## [WHAT YOU NEED TO DO]
Every line below from the one containing "GUERLAIN Chamade Eau" to the final line must be reproduced exactly, and no other line may appear in the answer.

## [EXTRACTED MATERIAL]
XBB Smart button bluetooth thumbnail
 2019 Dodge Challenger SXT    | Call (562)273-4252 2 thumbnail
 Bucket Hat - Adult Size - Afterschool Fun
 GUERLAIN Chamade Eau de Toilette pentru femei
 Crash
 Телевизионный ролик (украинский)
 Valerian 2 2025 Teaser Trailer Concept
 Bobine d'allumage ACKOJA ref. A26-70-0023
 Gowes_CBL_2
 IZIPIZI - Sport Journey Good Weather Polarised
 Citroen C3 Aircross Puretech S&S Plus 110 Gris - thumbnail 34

## [FINISHED EXERCISE]
 GUERLAIN Chamade Eau de Toilette pentru femei
 Crash
 Телевизионный ролик (украинский)
 Valerian 2 2025 Teaser Trailer Concept
 Bobine d'allumage ACKOJA ref. A26-70-0023
 Gowes_CBL_2
 IZIPIZI - Sport Journey Good Weather Polarised
 Citroen C3 Aircross Puretech S&S Plus 110 Gris - thumbnail 34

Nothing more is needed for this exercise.